» **Exercise brief**: The copy you return must begin at the line containing "Tiny photo for" and end at the final line of the listing below, with every picture left out.
---------- Data to examine
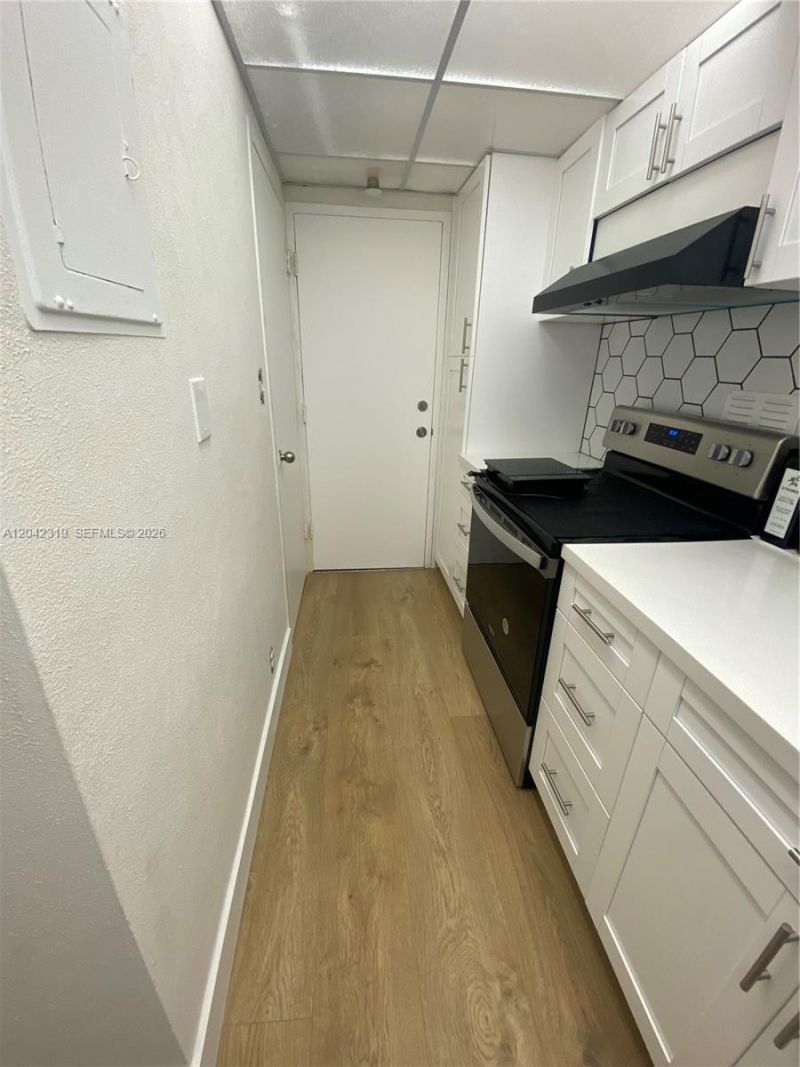 1000 West Avenue, Unit 531, Miami Beach, FL 33139 Photo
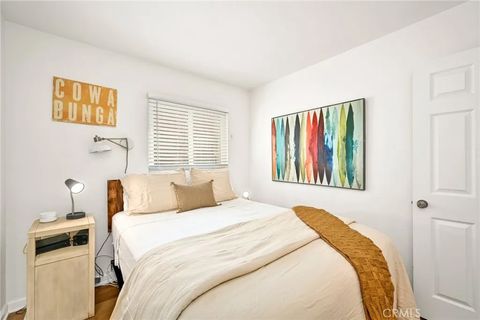 Tiny photo for 4103 Seashore Dr, Newport Beach, CA 92663 (MLS # OC25252893)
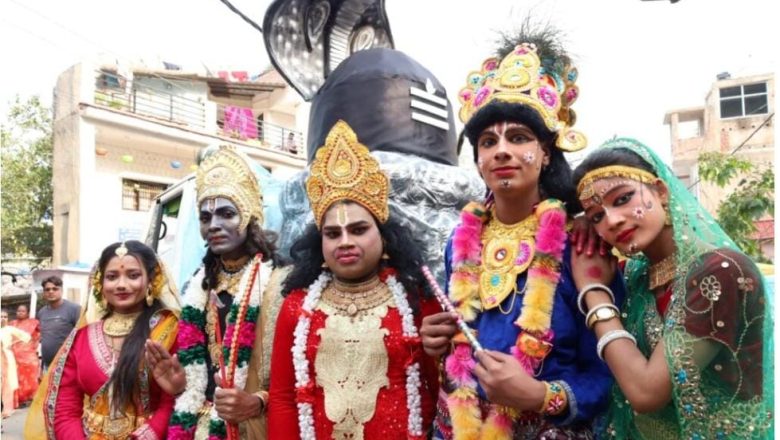 रांची (झारखंड )।शिव बारात में झूमे श्रद्धालु,एक दूसरे को लगाया अबीर गुलाल,मईया सम्मान योजना पर आधारित झांकी रही मुख्य आकर्षण का केंद्र।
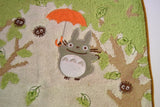 Mini Handtuch - Totoro fliegt mit Regenschirm im Wald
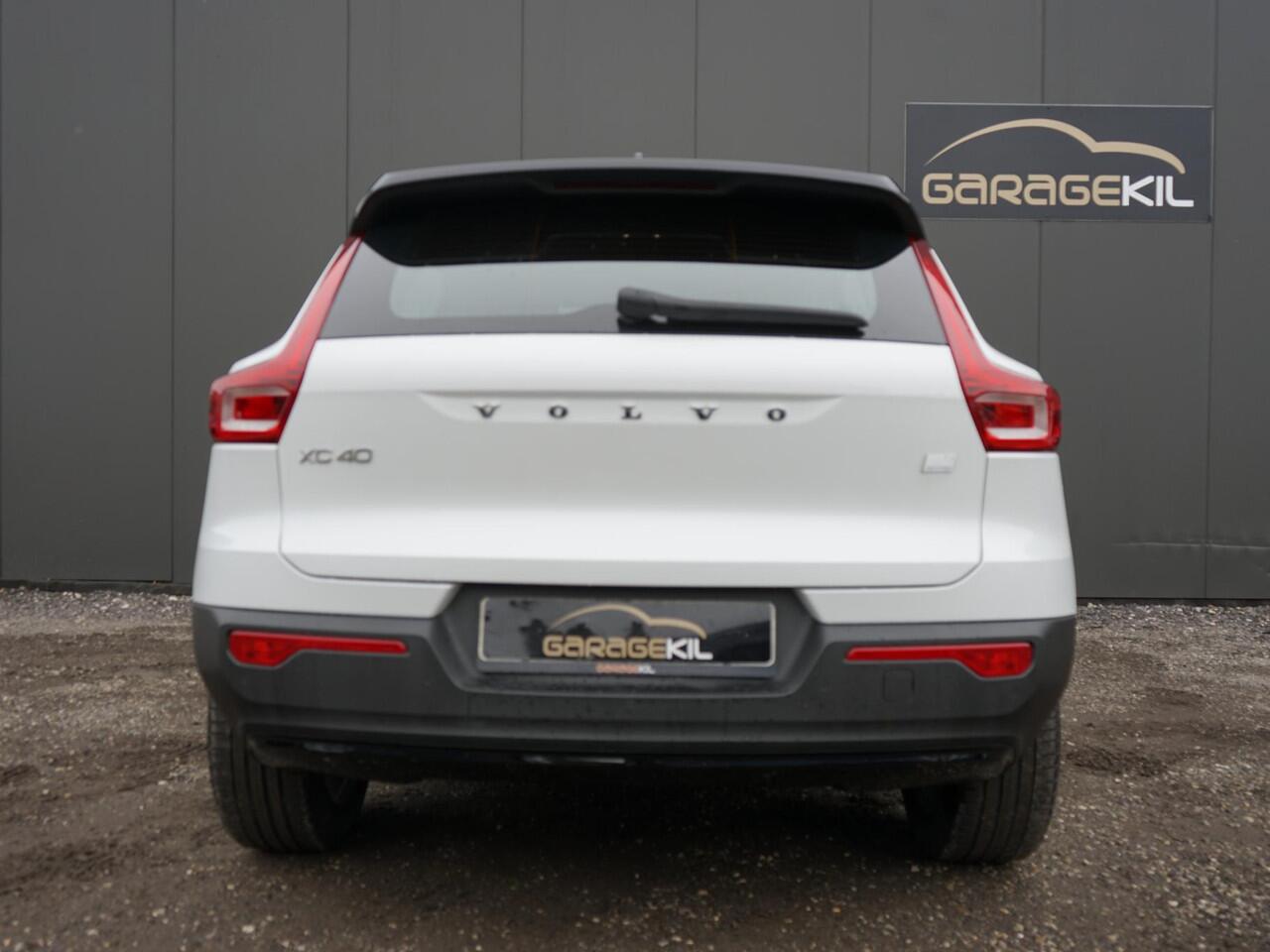 Volvo XC40 1.5 T4 Recharge R-Design Dealeronderh. / Achteruitrijcamera / Elektr. voorstoelen / PDC voor en achter / Draadloos laden / Verwarmde voorruit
--------------------
» **Answer**:
 Tiny photo for 4103 Seashore Dr, Newport Beach, CA 92663 (MLS # OC25252893)
 रांची (झारखंड )।शिव बारात में झूमे श्रद्धालु,एक दूसरे को लगाया अबीर गुलाल,मईया सम्मान योजना पर आधारित झांकी रही मुख्य आकर्षण का केंद्र।
 Mini Handtuch - Totoro fliegt mit Regenschirm im Wald
 Volvo XC40 1.5 T4 Recharge R-Design Dealeronderh. / Achteruitrijcamera / Elektr. voorstoelen / PDC voor en achter / Draadloos laden / Verwarmde voorruit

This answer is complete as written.